Тоннель захлопнулся. Джимми сидел на постели, обеими руками сжимая голову.

— Что делается-то? — бормотал он. — Строят станцию железной дороги между мирами прямо тут, в метре от моей кровати. А где разрешение на стройку, а? У вас там, в гиперпространстве, про полосу отчуждения не слышали? Жаловаться буду. Я буду жаловаться. Прям ща позвоню 311.

Это говорила его паника, и Дунья терпеливо слушала. Пусть выговорится, это поможет ему справиться с ситуацией. Она ждала. Он бросился ничком на кровать, затряслись плечи. Он пытался скрыть от нее свои слезы, и она притворилась, будто ничего не замечает. Она пришла к нему сказать, что он не один, хотела познакомить его с родичами. Тихонько поместила эту информацию ему в мозг. Джинн в нем принял эти сведения, понял, узнал.

Ты почувствуешь, где они, сказала она. Вы сможете помочь друг другу, когда начнется это время. Он сел, снова сжимая голову.

— Пожалуйста, не надо мне сейчас никаких контактов, — взмолился он. — Что мне нужно, так это викодин. Она ждала. Скоро он вновь обратится к ней. Он поднял глаза и попытался выдавить улыбку.

— Чересчур, — сказал он. — Это, что бы оно ни было... и чем бы ты ни была... и кто, как ты говоришь, я сам. Мне нужно время.

У тебя нет времени, сказала она ему. Не знаю, почему портал открылся в твоей комнате, зато я знаю, что явился тебе прошлой ночью вовсе не твой герой Натараджа. Кто-то принял этот облик, чтобы напугать тебя или просто для забавы. Тот, с кем тебе лучше бы никогда больше не встречаться. Уходи отсюда. Забери мать в безопасное место. Она все равно не поймет, что происходит. Она не увидит спираль черного дыма, потому что она не из Дуньязат. Это у тебя по отцовской линии.

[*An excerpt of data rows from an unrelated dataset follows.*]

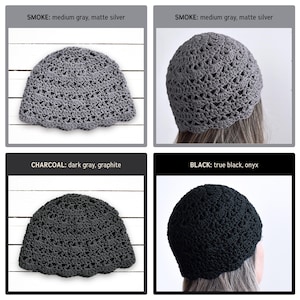 Puede incluir: Una colecci&oacute;n de gorros de ganchillo en tres colores. El gorro smoke es gris medio y plata mate, el gorro charcoal es gris oscuro y grafito, y el gorro black es negro puro y &oacute;nice. Cada gorro presenta un patr&oacute;n de abanico calado repetitivo.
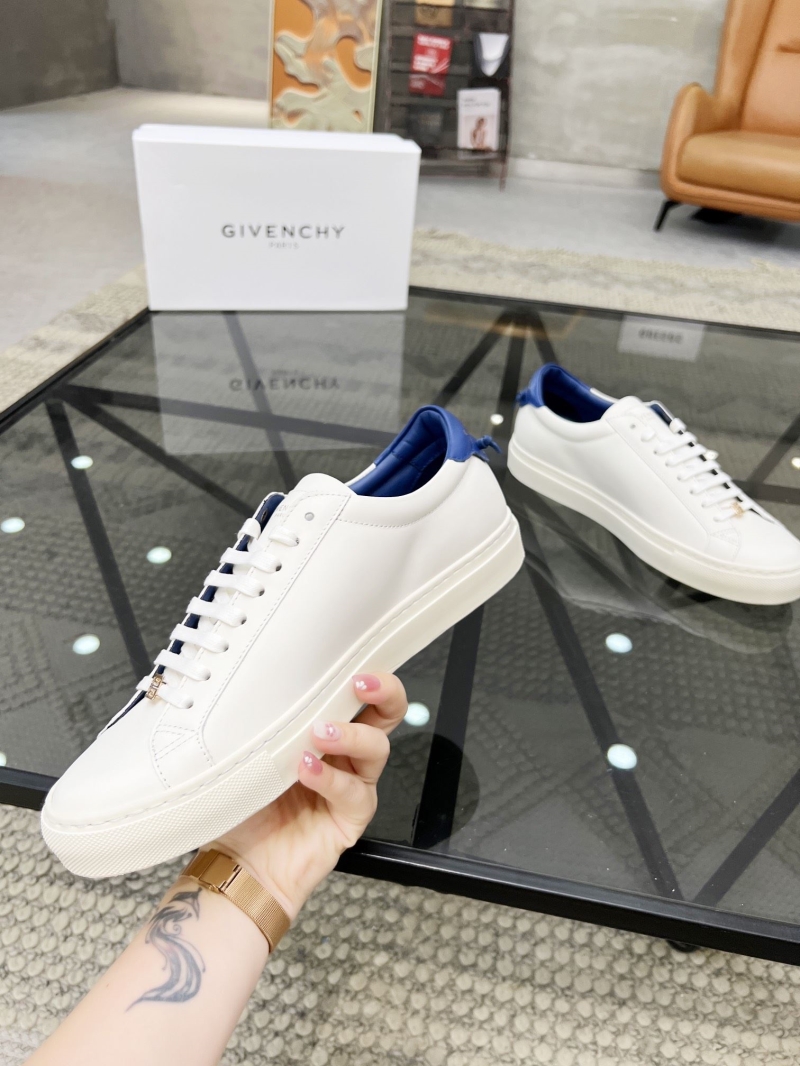 Givenchy Sneakers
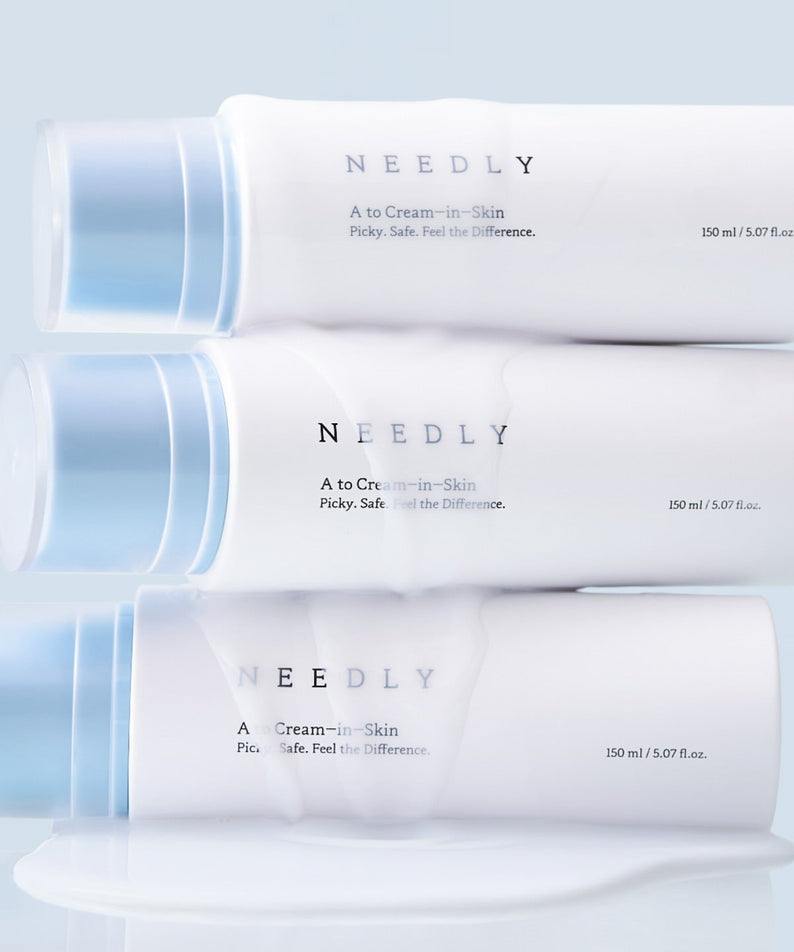 Décris l'image en français : NEEDLY A to Cream Skin 150ml de NEEDLY, pots crème sur fond bleu clair.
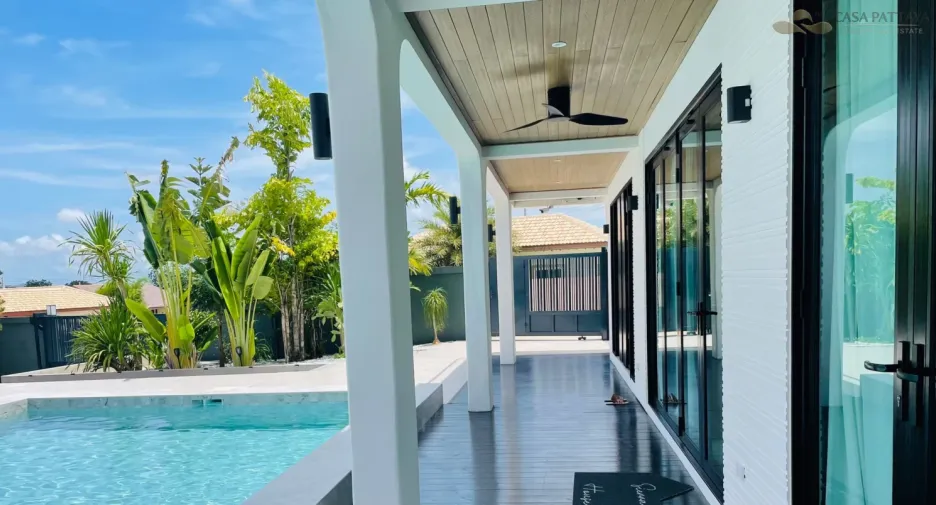 For rent 4 bedrooms villa in Huay Yai, Pattaya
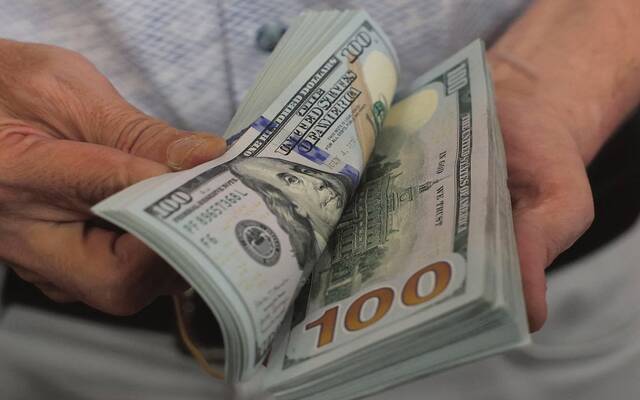 الدولار يتجه لأقوى مكاسب أسبوعية مدفوعًا بأسعار النفط والرسوم الجمركية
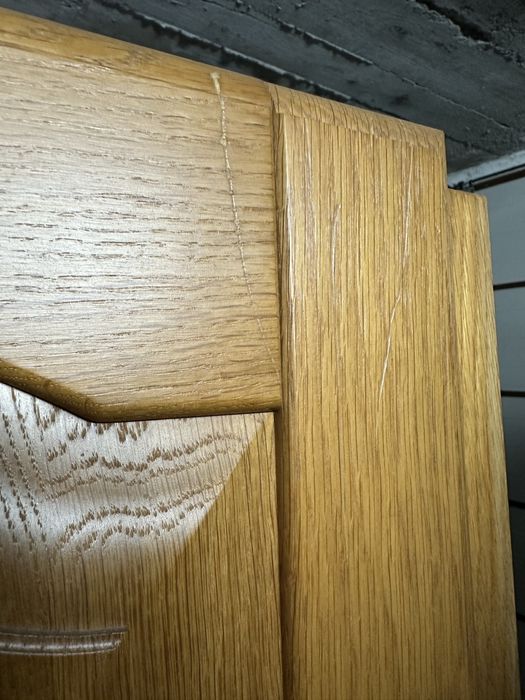 Dębowa szafa trzydrziwowa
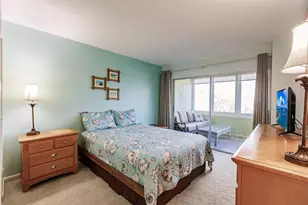 1255 E Peppertree Dr, Sarasota, FL 34242 - Photo 10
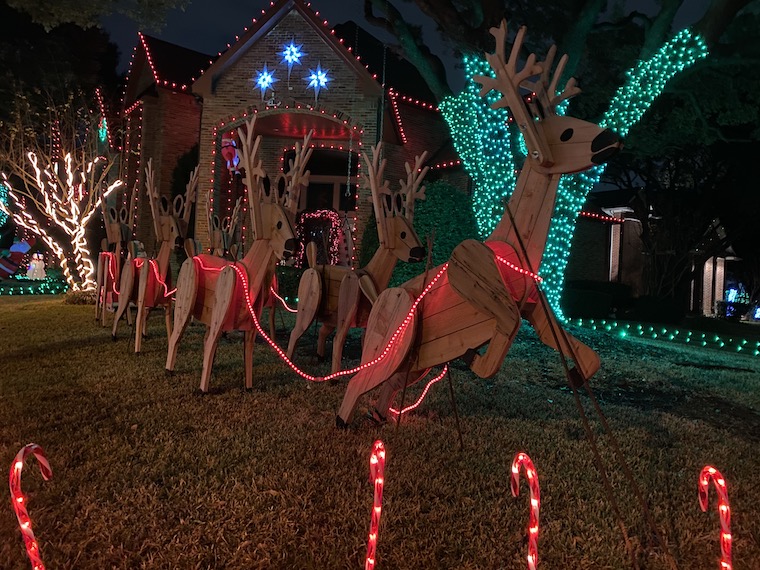 Visit Deerfield Christmas Lights from car at free of cost. Unijou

— Этот гад, — пробурчал Джимми. — Он-то и правда испарился вроде джинна. Только никаких желаний наших исполнять не стал. Раз — и растворился дымом вместе со своей пташкой-секретаршей.

— Увези мать отсюда, — повторила Дунья. — Здесь оставаться опасно — обоим вам.

— Ва-а-ау! — протянул Джимми Капур. — Худший. Хэллоуин. В жизни.